Adjusted Gross Margin

The Company uses Adjusted Gross Margin, a non-GAAP financial measure, which it defines as revenues less cost of LNG, gas and power and operating expenses, excluding depreciation and amortization, to measure its operational financial performance. Management believes Adjusted Gross Margin is useful because it provides insight into profitability and true operating performance excluding the implications of the historical cost basis of the Company’s assets.

Adjusted Net Income

The Company uses Adjusted Net Income, a non-GAAP financial measure, which it defines as net income plus tax-effected transition and transaction expenses. Management believes Adjusted Net Income is useful because it provides insight into profitability excluding the impact of non-recurring charges related to the Jamaica acquisition.

Adjusted EBITDA

Adjusted EBITDA is a non-GAAP financial measure included as a supplemental disclosure because management believes it is a useful indicator of the Company’s operating performance. The Company defines Adjusted EBITDA as net income before interest expense, income taxes, depreciation and amortization, accretion, non-cash long-term incentive compensation expense and items such as charges and non-recurring expenses that management does not consider as part of assessing ongoing operating performance.

The Company adjusts net income for the items listed above to arrive at Adjusted EBITDA because these amounts can vary substantially from company to company within its industry depending upon accounting methods and book values of assets, capital structures and the method by which the assets were acquired. Adjusted EBITDA should not be considered as an alternative to, or more meaningful than, net income as determined in accordance with GAAP or as an indicator of the Company’s operating performance or liquidity. This measure has limitations as certain excluded items are significant components in understanding and assessing a company’s financial performance, such as a company’s cost of capital and tax structure, as well as the historic costs of depreciable assets, none of which are components of Adjusted EBITDA. The Company's presentation of Adjusted EBITDA should not be construed as an inference that its results will be unaffected by unusual or non-recurring items. For the foregoing reasons, Adjusted EBITDA has significant limitations that affect its use as an indicator of the Company’s profitability and valuation.

Adjusted Earnings Per Share

The Company uses Adjusted Earnings Per Share ("EPS"), a non-GAAP financial measure, which it defines as diluted EPS plus the per share impact of its tax-effected transition and transaction expenses. Management believes Adjusted EPSis useful because it provides insight on per share profitability excluding the impact of non-recurring charges related to the Jamaica acquisition.
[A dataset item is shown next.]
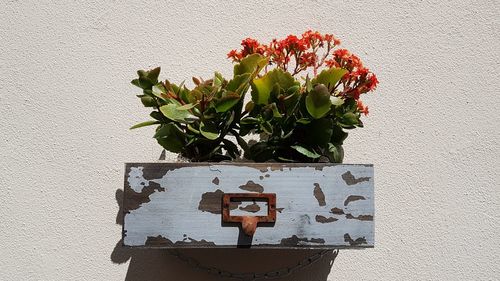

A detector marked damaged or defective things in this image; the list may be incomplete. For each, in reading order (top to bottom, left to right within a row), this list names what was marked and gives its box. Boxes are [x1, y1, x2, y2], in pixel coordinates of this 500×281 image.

rust stain [124, 180, 165, 211]
rust stain [197, 189, 240, 213]
rusty handle [223, 191, 278, 235]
FORWARD-LOOKING STATEMENTS

This press release contains forward-looking statements, within the meaning of the Private Securities Litigation Reform Act of 1995 as contained in Section 27A of the Securities Act of 1933, as amended, and Section 21E of the Securities Exchange Act of 1934, as amended, about Excelerate and our industry that involve substantial risks and uncertainties. All statements other than statements of historical fact contained in this press release, including, without limitation, statements regarding: the ongoing integration of the Jamaica acquisition; our future results of operations or financial condition, business strategy and plans, expansion plans and strategy, both generally and specifically in the Caribbean region; economic conditions, both generally and in particular in the regions in which we operate or plan to operate; the use of the new LNG carrier Excelerate Shenandoah; plans for the reliquefaction unit on the floating regasification terminal Experience; and projections regarding annual dividend rate growth, are forward-looking statements. In some cases, you can identify forward-looking statements by terminology such as “anticipate,” “believe,” “consider,” “contemplate,” “continue,” “could,” “estimate,” “expect,” “intend,” “may,” “plan,” “potential,” “predict,” “project,” “should,” “target,” “will” or “would” or the negative of these words or other similar terms or expressions.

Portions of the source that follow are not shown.